━━ Supplied records ━━

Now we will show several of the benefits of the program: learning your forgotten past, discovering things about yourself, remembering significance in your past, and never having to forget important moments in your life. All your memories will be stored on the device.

━━━
━━ Supplied records ━━

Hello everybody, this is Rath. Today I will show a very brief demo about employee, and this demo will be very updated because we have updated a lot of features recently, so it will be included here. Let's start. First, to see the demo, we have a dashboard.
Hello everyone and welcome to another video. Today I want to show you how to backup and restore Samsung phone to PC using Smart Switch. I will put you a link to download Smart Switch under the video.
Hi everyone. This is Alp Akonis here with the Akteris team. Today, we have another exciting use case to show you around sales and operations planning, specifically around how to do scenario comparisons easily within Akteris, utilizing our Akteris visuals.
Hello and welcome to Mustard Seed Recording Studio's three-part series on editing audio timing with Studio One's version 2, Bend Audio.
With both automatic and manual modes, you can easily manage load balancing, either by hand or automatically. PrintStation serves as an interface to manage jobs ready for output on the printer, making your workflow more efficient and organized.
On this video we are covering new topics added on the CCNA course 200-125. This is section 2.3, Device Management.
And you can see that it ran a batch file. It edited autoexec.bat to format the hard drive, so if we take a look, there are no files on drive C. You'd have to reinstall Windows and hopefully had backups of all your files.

━━━
━━ Supplied records ━━

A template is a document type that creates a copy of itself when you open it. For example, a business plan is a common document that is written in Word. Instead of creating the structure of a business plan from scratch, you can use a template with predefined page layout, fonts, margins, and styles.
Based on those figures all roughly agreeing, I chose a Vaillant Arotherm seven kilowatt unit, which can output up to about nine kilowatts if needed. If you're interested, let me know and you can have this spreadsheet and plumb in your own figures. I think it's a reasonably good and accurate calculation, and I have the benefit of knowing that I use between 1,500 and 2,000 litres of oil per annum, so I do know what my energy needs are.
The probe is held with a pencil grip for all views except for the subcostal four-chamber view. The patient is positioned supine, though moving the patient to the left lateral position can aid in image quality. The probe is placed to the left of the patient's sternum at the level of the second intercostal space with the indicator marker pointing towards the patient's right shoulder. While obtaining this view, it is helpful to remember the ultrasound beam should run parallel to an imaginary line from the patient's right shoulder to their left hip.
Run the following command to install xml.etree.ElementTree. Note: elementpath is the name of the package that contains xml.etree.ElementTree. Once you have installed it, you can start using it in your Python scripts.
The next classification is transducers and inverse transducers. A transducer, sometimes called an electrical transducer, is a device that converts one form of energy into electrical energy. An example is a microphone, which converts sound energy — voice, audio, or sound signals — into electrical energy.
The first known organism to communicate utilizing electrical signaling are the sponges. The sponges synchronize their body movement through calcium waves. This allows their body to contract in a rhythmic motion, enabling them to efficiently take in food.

━━━

**Exercise prompt:** With the first line being the one containing "The next classification" and the last line the one containing "The first known", transcribe exactly the lines above that fall in that range.

**Output of the task:**
The next classification is transducers and inverse transducers. A transducer, sometimes called an electrical transducer, is a device that converts one form of energy into electrical energy. An example is a microphone, which converts sound energy — voice, audio, or sound signals — into electrical energy.
The first known organism to communicate utilizing electrical signaling are the sponges. The sponges synchronize their body movement through calcium waves. This allows their body to contract in a rhythmic motion, enabling them to efficiently take in food.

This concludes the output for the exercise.